As parents tasked with civilizing three very young children, my wife and I make a daily effort to instill in them an abiding sense of gratitude. We consider it a virtue critical to fashioning their character, particularly as 21st century middle-class Americans, who are materially more blessed than probably 99% of all humans who have ever lived. My wife and I want our kids never to take that for granted, especially around the holidays.
Thus I found it strange that Barbara Ehrenreich rang in the New Year with a New York Times opinion piece in which she actually complained that the holidays reeked inescapably of thankfulness, and that it signaled an “onanistic” degree of self-centeredness.
In “The Selfish Side of Gratitude,” the author of such bestselling social studies as Nickel and Dimed: On (Not) Getting By in America and Bait and Switch: The (Futile) Pursuit of the American Dream acknowledges, “It’s good to express our thanks, of course, to those who deserve recognition.” Gratitude is at least somewhat “prosocial,” she concedes, in the sense that “[y]ou have to be grateful to someone, who could be an invisible God, but might as well be a friend, mentor or family member.”
But Ehrenreich laments that the self-improvement industry has warped this potentiality into something “all about you, and how you can feel better.” “Gratitude gurus” like Oprah Winfrey and other motivational figures have hyped the physical and spiritual benefits of expressing gratitude, such as a stronger immune system, increased joy, and boosted self-esteem, all of which have been legitimized by scientific researchers like Martin Seligman, “the father of positive psychology.”
The result is that the emphasis has shifted from gratitude as “the moral memory of mankind” to gratitude as “a surefire ticket to happiness and even better health,” as Ehrenreich puts it. She finds this inward development contemptible:
All you have to do is to generate, within yourself, the good feelings associated with gratitude, and then bask in its warm, comforting glow. If there is any loving involved in this, it is self-love, and the current hoopla around gratitude is a celebration of onanism.
Wow. Granted, there is a danger of excess in this rise of gratitude to “self-help celebrity status,” and she may have a point with such examples as the Harvard Mental Health Letter suggesting you “thank someone mentally,” or the CNN yoga instructor encouraging students to write in “gratitude journals.” But it’s an overreaction to get worked up over such seemingly narcissistic techniques which nevertheless can foster a deeper sense of gratitude, and it’s hard to see how a happier, healthier, more self-aware, and more altruistic society is a bad thing.
Ehrenreich’s contempt stems from her passion for social justice. For her, “[s]aying grace to an abstract God is an evasion”; gratitude is wasted on an invisible God and should be reserved for the “whole communities of actual people, many of them with aching backs and tenuous finances, who made the meal possible”: “Who picked the lettuce in the fields, processed the standing rib roast, drove these products to the stores, stacked them on the supermarket shelves and, of course, prepared them and brought them to the table?”

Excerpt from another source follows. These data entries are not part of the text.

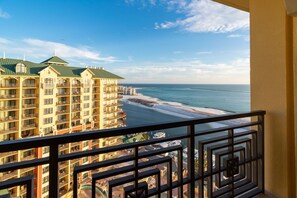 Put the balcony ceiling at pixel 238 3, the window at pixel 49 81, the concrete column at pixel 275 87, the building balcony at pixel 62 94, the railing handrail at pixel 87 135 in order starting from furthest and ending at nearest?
the building balcony at pixel 62 94, the window at pixel 49 81, the balcony ceiling at pixel 238 3, the concrete column at pixel 275 87, the railing handrail at pixel 87 135

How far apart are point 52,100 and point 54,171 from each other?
178 inches

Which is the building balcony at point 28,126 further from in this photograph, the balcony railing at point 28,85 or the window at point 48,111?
the balcony railing at point 28,85

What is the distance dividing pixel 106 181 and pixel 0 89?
425 centimetres

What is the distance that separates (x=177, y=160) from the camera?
1.18m

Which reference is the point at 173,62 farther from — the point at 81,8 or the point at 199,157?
the point at 199,157

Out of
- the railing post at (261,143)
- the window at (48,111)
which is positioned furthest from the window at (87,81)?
the railing post at (261,143)

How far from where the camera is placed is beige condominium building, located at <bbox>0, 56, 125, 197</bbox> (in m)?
4.20

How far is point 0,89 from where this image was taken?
4.06 meters

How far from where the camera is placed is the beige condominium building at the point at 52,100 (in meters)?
4.20

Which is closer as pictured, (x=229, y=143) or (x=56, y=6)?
(x=229, y=143)

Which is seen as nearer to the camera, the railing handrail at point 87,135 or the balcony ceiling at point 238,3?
the railing handrail at point 87,135

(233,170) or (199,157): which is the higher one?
(199,157)

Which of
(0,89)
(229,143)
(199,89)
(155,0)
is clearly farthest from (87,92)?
(155,0)

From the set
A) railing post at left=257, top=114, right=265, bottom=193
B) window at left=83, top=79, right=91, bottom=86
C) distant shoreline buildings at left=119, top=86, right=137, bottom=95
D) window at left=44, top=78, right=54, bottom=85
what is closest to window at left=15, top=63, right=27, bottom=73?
window at left=44, top=78, right=54, bottom=85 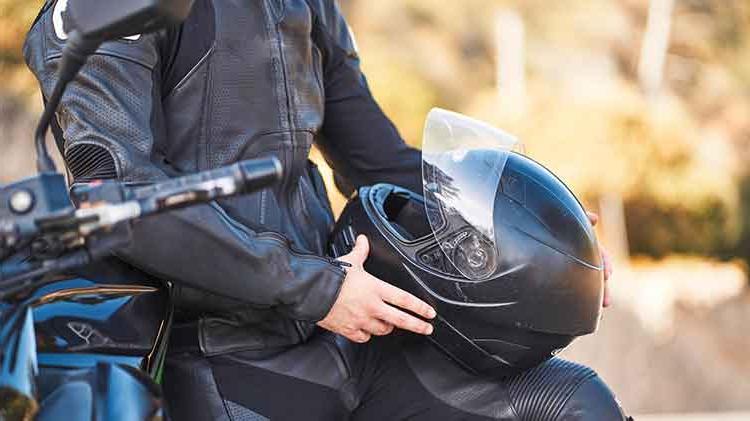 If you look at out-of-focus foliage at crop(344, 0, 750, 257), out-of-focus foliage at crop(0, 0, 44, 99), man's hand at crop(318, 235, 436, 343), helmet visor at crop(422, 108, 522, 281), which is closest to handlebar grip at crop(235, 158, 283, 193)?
man's hand at crop(318, 235, 436, 343)

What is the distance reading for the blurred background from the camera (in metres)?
12.7

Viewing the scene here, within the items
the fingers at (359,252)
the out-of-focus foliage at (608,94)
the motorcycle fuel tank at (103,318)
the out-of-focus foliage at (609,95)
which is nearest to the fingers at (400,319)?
the fingers at (359,252)

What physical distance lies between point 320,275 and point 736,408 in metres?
Result: 11.6

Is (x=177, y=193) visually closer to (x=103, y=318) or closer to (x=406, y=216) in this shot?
(x=103, y=318)

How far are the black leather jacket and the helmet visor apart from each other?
22cm

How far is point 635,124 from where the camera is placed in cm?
1461

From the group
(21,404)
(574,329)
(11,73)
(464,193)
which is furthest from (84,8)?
(11,73)

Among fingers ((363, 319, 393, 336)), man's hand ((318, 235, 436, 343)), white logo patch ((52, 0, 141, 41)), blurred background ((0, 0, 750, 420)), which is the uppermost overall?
white logo patch ((52, 0, 141, 41))

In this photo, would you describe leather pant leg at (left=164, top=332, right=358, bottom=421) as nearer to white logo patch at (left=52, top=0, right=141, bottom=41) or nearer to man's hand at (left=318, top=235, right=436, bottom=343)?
man's hand at (left=318, top=235, right=436, bottom=343)

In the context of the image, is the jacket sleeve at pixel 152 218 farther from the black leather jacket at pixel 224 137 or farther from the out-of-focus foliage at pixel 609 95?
the out-of-focus foliage at pixel 609 95

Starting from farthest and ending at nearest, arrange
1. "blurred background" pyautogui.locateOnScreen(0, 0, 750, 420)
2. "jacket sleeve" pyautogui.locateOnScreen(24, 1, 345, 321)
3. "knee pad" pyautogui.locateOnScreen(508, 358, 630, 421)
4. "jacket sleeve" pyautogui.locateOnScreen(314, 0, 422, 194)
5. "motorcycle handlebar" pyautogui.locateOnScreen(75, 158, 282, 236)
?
1. "blurred background" pyautogui.locateOnScreen(0, 0, 750, 420)
2. "jacket sleeve" pyautogui.locateOnScreen(314, 0, 422, 194)
3. "knee pad" pyautogui.locateOnScreen(508, 358, 630, 421)
4. "jacket sleeve" pyautogui.locateOnScreen(24, 1, 345, 321)
5. "motorcycle handlebar" pyautogui.locateOnScreen(75, 158, 282, 236)

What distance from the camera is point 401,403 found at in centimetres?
234

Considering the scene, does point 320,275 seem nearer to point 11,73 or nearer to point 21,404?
point 21,404

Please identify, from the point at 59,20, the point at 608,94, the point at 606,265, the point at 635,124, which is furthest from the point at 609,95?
the point at 59,20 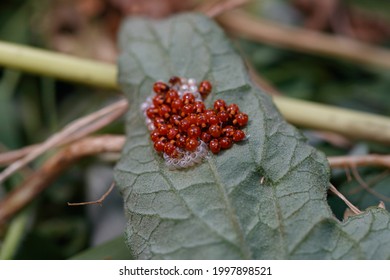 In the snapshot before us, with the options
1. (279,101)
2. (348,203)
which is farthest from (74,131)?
(348,203)

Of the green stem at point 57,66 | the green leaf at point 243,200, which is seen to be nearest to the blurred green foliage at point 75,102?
the green stem at point 57,66

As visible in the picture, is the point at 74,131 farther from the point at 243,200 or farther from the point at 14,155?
the point at 243,200

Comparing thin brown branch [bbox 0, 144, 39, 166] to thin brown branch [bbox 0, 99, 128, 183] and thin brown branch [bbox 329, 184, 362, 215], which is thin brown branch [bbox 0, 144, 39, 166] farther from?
thin brown branch [bbox 329, 184, 362, 215]

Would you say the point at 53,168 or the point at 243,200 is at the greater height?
the point at 243,200

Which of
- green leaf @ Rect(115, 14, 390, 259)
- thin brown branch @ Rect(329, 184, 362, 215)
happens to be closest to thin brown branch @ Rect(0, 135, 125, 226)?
green leaf @ Rect(115, 14, 390, 259)

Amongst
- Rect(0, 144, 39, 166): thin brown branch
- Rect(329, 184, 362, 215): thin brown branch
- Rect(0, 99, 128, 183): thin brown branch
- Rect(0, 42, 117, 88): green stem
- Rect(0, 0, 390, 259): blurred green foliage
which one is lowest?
Rect(0, 0, 390, 259): blurred green foliage

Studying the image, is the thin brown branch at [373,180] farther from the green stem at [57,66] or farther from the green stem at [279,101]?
the green stem at [57,66]

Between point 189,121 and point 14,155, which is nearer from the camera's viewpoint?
point 189,121
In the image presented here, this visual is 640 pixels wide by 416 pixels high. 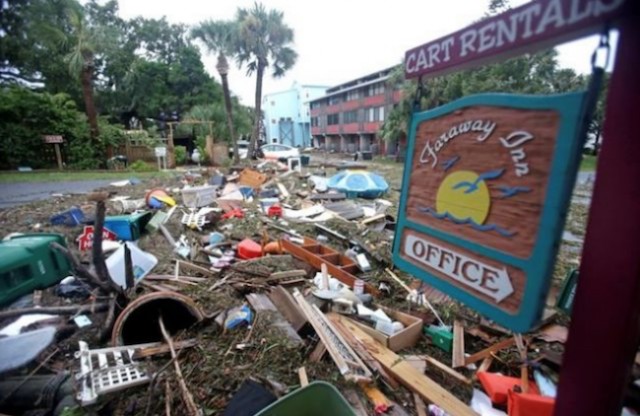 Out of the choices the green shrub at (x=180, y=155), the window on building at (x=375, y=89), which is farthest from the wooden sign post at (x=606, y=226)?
the window on building at (x=375, y=89)

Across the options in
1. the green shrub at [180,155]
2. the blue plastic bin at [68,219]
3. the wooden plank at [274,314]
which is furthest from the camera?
the green shrub at [180,155]

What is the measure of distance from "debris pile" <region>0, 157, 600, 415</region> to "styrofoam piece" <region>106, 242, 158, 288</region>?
0.06 feet

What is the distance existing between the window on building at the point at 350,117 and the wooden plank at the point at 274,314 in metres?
33.6

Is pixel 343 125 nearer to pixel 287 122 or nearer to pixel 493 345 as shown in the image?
pixel 287 122

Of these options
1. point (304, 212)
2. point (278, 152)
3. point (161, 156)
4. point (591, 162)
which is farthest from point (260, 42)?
point (591, 162)

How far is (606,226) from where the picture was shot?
3.41 feet

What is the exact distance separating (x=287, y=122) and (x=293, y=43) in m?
29.2

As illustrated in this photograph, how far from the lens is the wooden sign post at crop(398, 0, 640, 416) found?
0.97 meters

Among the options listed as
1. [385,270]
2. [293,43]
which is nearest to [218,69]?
[293,43]

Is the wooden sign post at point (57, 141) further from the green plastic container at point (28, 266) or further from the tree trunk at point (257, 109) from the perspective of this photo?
the green plastic container at point (28, 266)

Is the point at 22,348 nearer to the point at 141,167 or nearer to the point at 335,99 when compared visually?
the point at 141,167

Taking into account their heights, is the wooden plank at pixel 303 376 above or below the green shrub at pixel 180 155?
below

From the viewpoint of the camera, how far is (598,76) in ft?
3.37

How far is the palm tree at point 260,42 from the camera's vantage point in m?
20.9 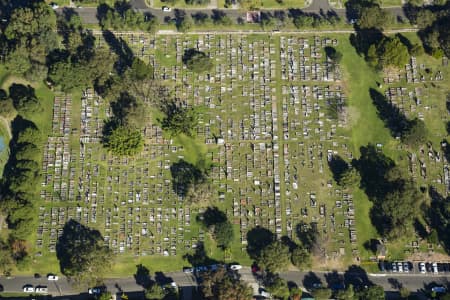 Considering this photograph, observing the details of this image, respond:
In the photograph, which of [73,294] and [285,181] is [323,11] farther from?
[73,294]

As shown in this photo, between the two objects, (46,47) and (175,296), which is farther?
(46,47)

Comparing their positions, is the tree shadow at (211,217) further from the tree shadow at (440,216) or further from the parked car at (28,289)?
the tree shadow at (440,216)

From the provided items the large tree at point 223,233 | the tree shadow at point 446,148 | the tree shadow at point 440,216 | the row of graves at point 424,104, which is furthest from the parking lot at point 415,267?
the large tree at point 223,233

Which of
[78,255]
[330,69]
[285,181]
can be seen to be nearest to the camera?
[78,255]

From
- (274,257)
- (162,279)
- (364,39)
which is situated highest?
(364,39)

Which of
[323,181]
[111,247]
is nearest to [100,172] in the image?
[111,247]

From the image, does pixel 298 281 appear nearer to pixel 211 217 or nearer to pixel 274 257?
pixel 274 257

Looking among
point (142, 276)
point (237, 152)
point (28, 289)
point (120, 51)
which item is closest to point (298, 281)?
point (237, 152) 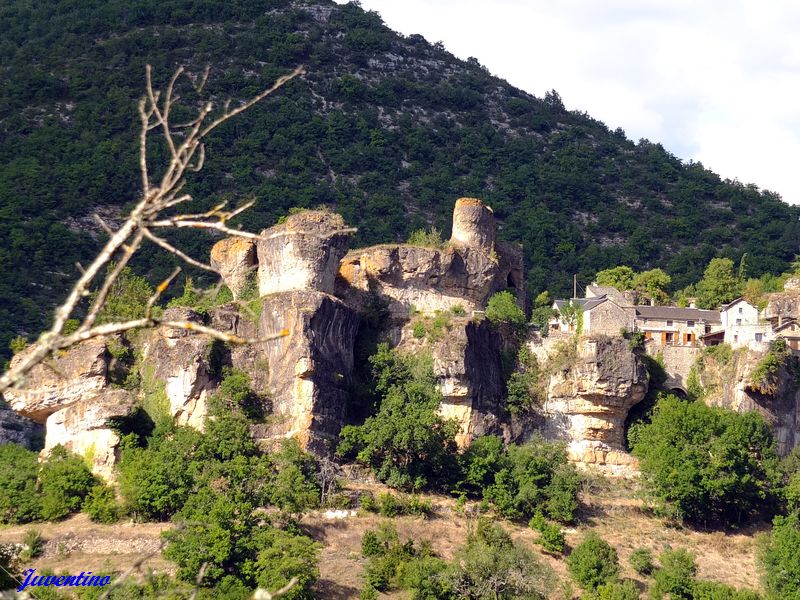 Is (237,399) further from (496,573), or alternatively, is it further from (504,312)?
(496,573)

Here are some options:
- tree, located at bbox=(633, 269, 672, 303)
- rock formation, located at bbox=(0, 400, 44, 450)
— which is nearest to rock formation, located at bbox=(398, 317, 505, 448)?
tree, located at bbox=(633, 269, 672, 303)

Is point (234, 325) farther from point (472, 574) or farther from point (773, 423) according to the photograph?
point (773, 423)

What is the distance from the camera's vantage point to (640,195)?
95.2m

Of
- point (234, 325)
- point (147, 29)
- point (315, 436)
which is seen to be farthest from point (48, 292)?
point (147, 29)

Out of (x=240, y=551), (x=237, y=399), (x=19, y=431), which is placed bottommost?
(x=240, y=551)

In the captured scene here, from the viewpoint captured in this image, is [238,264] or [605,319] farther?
[605,319]

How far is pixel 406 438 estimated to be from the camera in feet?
137

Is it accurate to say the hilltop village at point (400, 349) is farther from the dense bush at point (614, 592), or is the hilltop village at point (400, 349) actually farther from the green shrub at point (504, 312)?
the dense bush at point (614, 592)

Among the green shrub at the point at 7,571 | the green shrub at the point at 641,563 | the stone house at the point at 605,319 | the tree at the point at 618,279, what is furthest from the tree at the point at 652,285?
the green shrub at the point at 7,571

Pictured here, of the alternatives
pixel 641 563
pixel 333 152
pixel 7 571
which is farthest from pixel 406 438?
pixel 333 152

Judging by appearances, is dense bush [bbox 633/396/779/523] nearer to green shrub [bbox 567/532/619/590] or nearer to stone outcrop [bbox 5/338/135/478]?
green shrub [bbox 567/532/619/590]

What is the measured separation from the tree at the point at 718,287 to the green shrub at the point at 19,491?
1097 inches

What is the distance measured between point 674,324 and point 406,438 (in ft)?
48.1

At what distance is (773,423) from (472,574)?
1492 centimetres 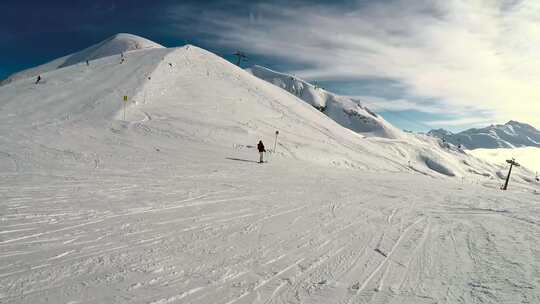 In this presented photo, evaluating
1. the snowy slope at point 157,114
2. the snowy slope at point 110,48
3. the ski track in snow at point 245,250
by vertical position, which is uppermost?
the snowy slope at point 110,48

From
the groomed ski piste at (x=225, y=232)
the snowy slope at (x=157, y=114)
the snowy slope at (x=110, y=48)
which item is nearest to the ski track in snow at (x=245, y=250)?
the groomed ski piste at (x=225, y=232)

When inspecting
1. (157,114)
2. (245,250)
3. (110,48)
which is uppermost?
(110,48)

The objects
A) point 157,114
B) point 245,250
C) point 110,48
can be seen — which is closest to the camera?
point 245,250

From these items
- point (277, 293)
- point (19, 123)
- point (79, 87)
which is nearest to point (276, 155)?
point (19, 123)

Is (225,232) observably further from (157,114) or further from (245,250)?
(157,114)

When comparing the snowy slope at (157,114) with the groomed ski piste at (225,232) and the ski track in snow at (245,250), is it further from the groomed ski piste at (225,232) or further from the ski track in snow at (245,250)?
the ski track in snow at (245,250)

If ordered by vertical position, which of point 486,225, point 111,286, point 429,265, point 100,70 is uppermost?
point 100,70

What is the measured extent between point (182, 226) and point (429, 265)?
5587 mm

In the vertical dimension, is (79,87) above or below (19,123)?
above

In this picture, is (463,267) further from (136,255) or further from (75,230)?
(75,230)

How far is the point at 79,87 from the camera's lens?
40.3 m

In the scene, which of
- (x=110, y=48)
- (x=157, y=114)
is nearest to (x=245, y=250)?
(x=157, y=114)

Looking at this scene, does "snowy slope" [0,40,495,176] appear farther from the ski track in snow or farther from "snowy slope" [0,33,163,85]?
"snowy slope" [0,33,163,85]

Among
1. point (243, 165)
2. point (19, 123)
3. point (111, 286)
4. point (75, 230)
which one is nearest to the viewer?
point (111, 286) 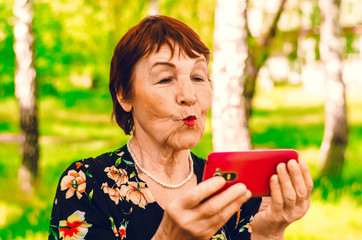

Her version of meaningful gratitude is social justice “solidarity”—by which she means actively supporting economic equality to bridge “the wealth gap” in “our divided society.” We need, she asserts, “a more vigorous and inclusive sort of gratitude than what is being urged on us now”—in other words, less spiritually and psychologically transformative, more outwardly engaged in class warfare.
She cites the theoretical example of a lowly Walmart employee who gets a raise, and asks if that employee should “be grateful to the Waltons, who are the richest family in America?” For Ehrenreich, the employee grateful for a steady job and a raise is a “chump” as long as the family that employs him is wealthy. Well then, at what point should the employee feel gratitude? How much of the Walton family wealth should be divvied up among their over 2 million employees worldwide before Ehrenreich believes gratitude is appropriate?
One gets the feeling that Ehrenreich believes that until economic parity is fully achieved, gratitude to God and man is for suckers. But thankfulness is about acknowledging our blessings, not coveting the blessings of others. It is about personal humility, not societal equality; contentment, not resentment. This doesn’t mean we should not strive to better the material lives of all, only that gratitude is not entirely dependent on our material circumstances.
Yes, of course gratitude is, as Ehrenreich notes, to some degree “prosocial.” Yes, of course it should result, whenever appropriate and possible, in a repayment of debt to others, or an act of paying it forward. But by diminishing the meaningful spiritual and psychological dimensions of gratitude, and reducing it to a measure of social justice, Ehrenreich is distorting and devaluing it as much as the self-help gurus she so gleefully criticizes.